▸ **Task brief**
From the line containing "AZ license plate AFF0525" down to the line containing "Lasst uns schwimmen", copy out the entries below exactly, both lines included, and nothing else; pictures do not belong in the copy.

▸ **Given records**
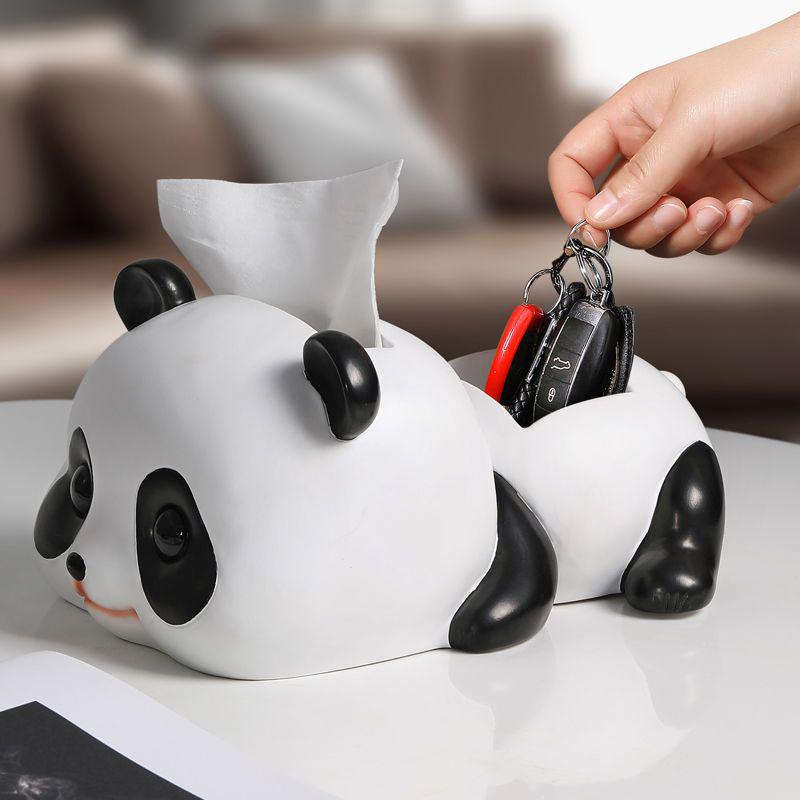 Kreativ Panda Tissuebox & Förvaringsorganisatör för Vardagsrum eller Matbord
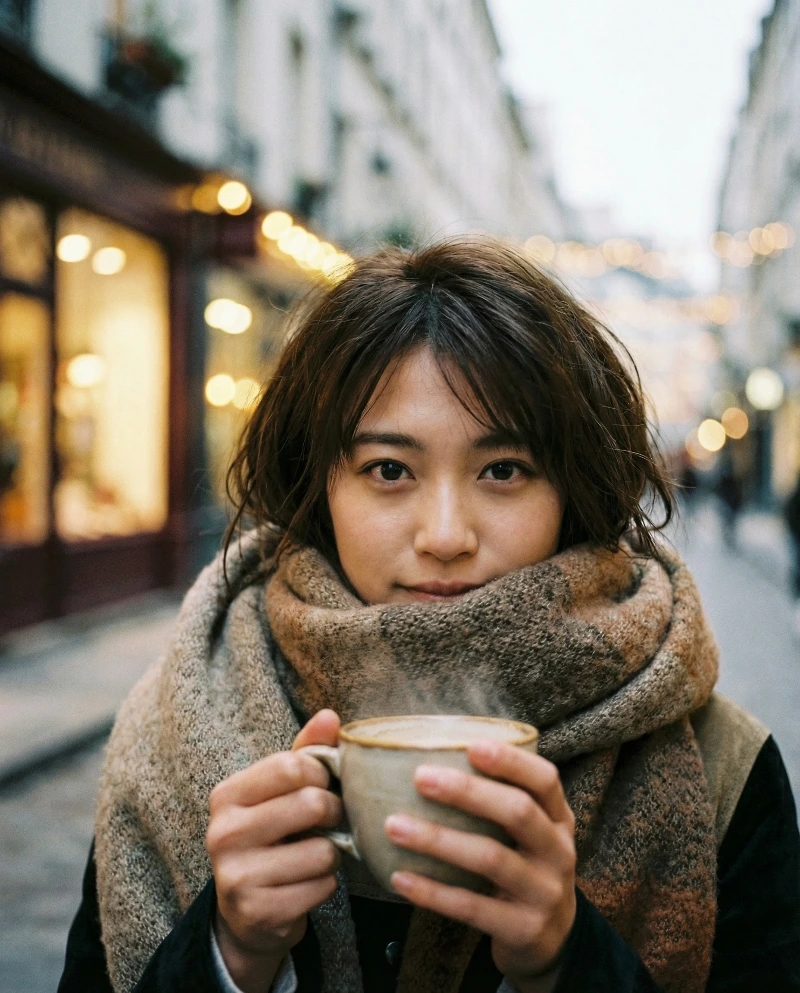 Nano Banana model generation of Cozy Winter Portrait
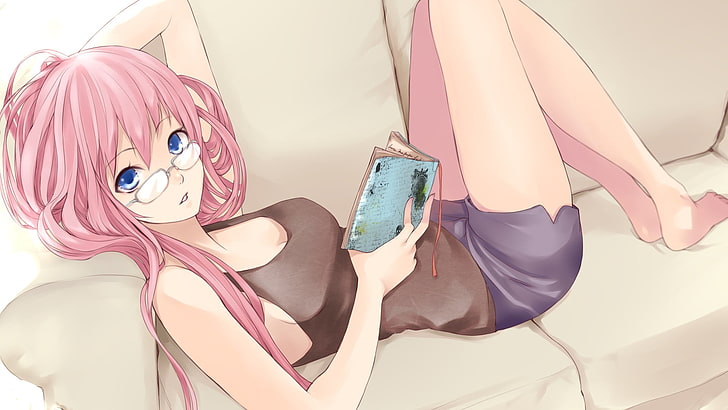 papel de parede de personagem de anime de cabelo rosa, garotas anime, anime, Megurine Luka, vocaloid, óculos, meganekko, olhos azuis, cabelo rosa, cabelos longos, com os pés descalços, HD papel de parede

* * *

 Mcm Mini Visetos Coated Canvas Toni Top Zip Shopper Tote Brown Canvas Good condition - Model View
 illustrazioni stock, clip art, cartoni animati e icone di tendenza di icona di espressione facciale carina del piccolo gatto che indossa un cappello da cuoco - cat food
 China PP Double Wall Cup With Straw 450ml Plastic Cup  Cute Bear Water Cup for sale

...

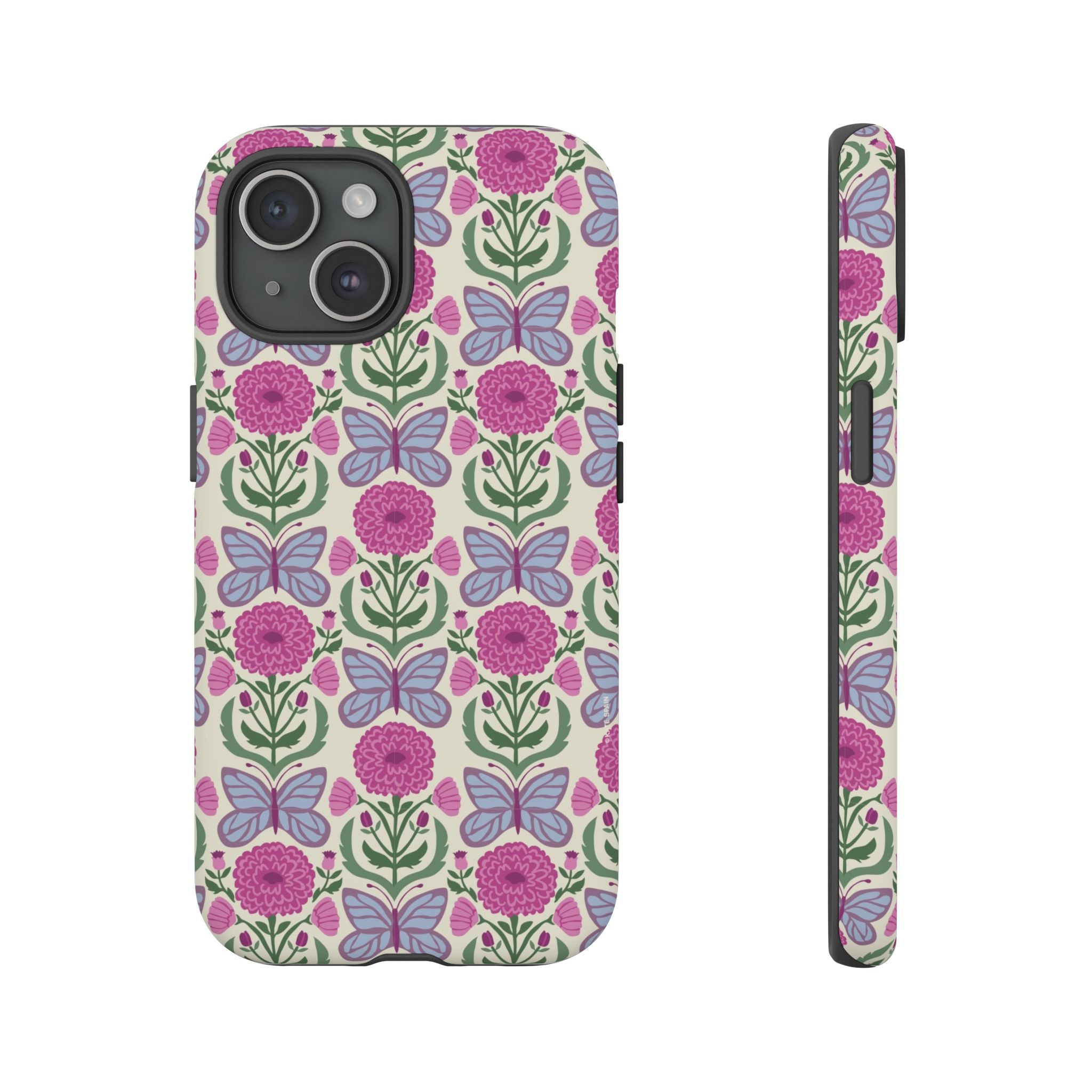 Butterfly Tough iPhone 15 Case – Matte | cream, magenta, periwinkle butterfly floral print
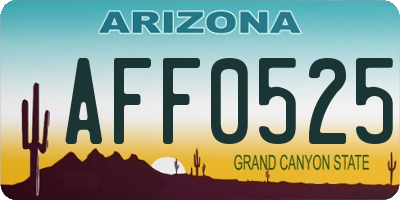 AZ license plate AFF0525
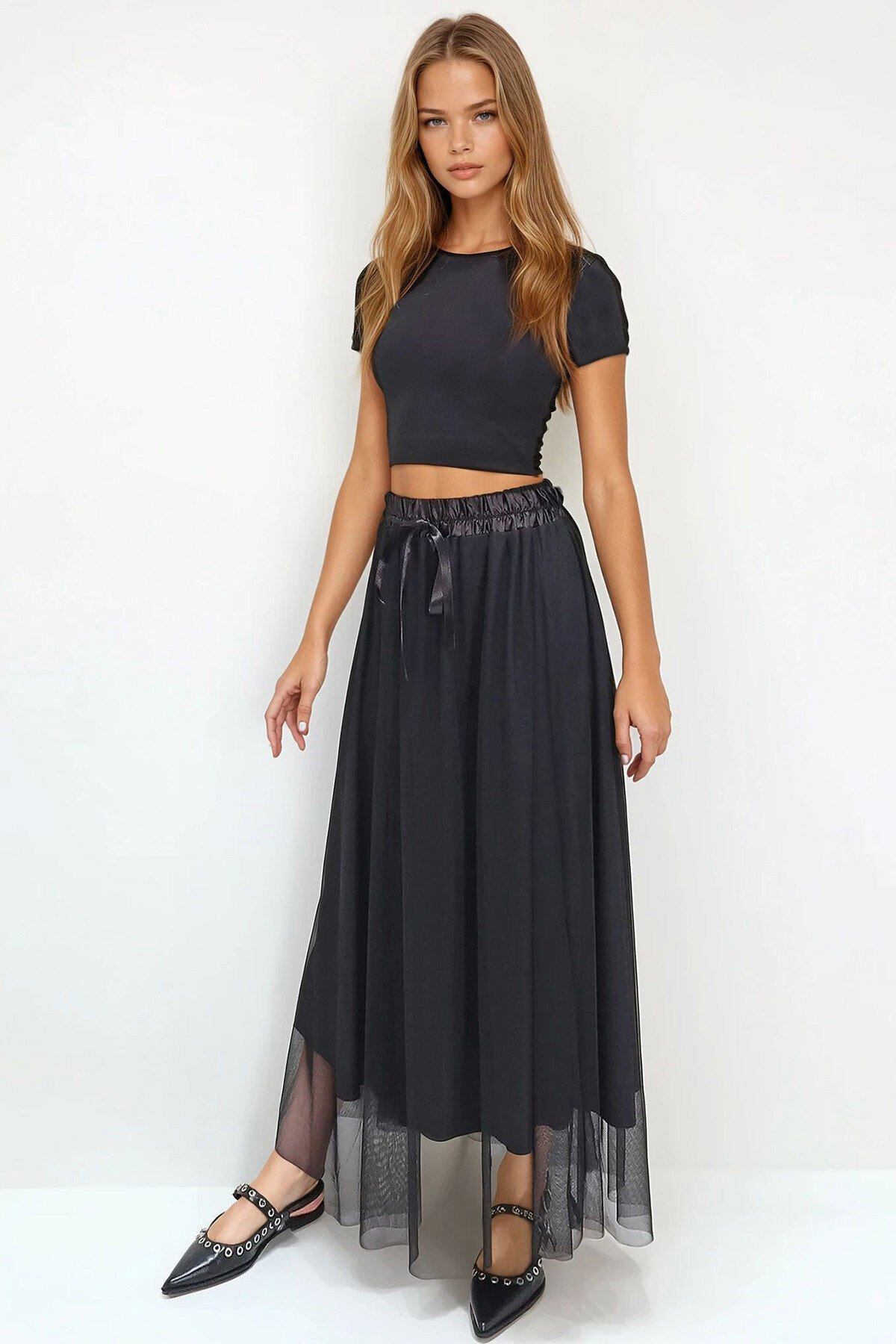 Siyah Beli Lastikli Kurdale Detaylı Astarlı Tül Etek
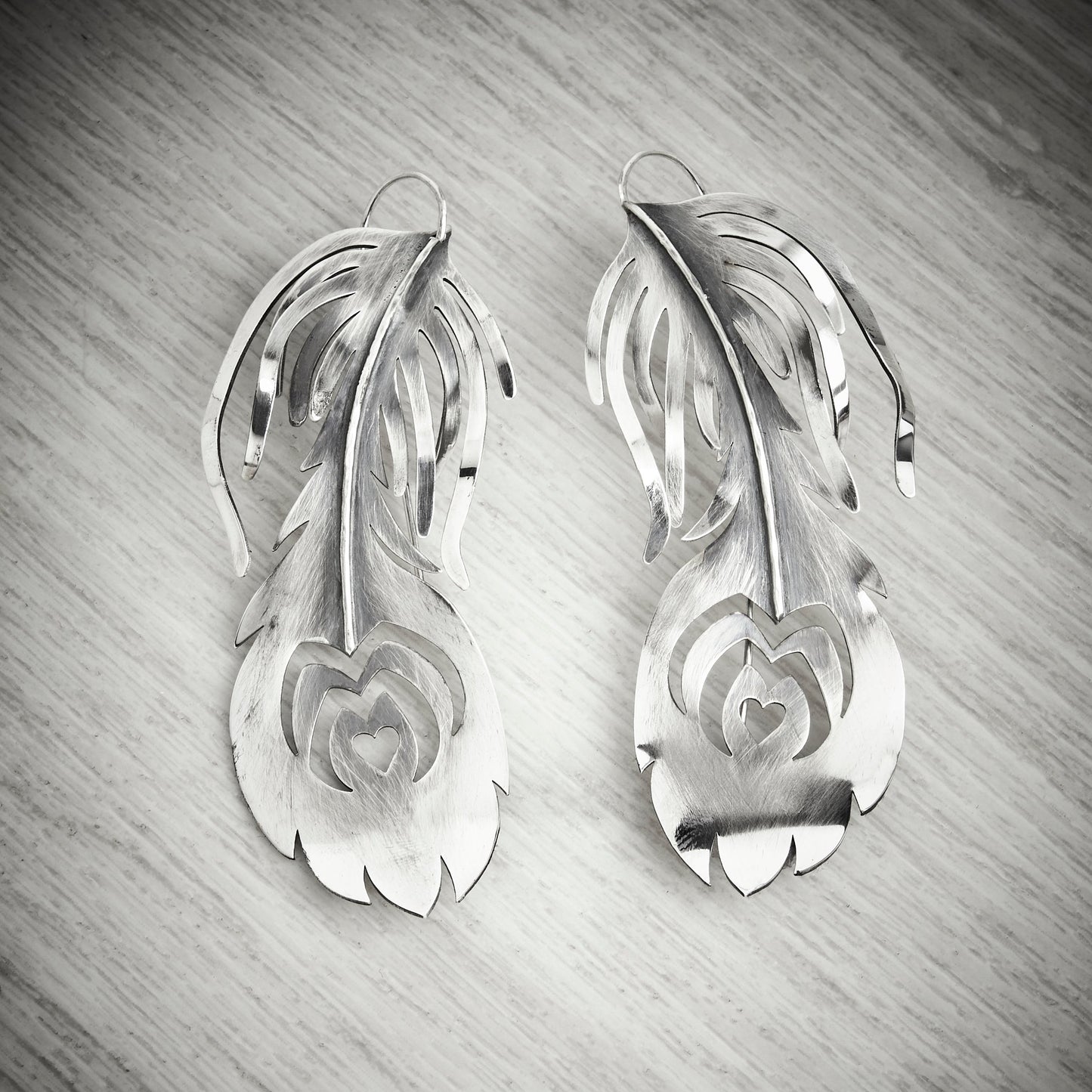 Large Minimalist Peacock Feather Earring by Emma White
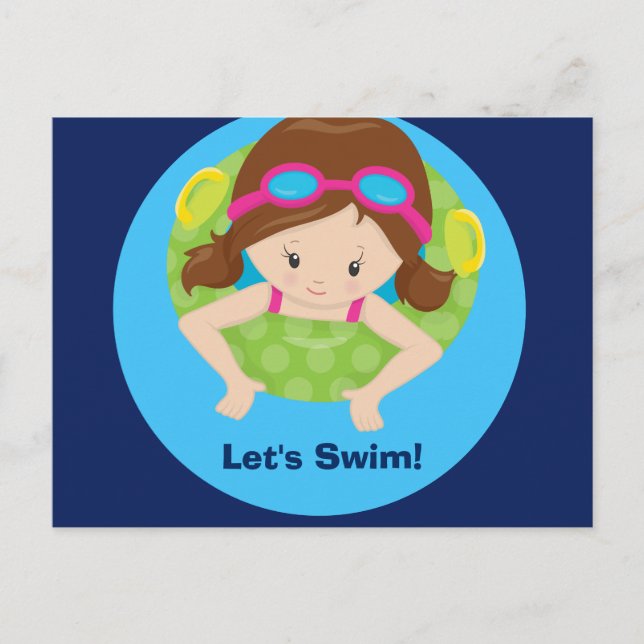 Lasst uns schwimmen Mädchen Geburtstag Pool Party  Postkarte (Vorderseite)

▸ **Problem solution**
 AZ license plate AFF0525
 Siyah Beli Lastikli Kurdale Detaylı Astarlı Tül Etek
 Large Minimalist Peacock Feather Earring by Emma White
 Lasst uns schwimmen Mädchen Geburtstag Pool Party  Postkarte (Vorderseite)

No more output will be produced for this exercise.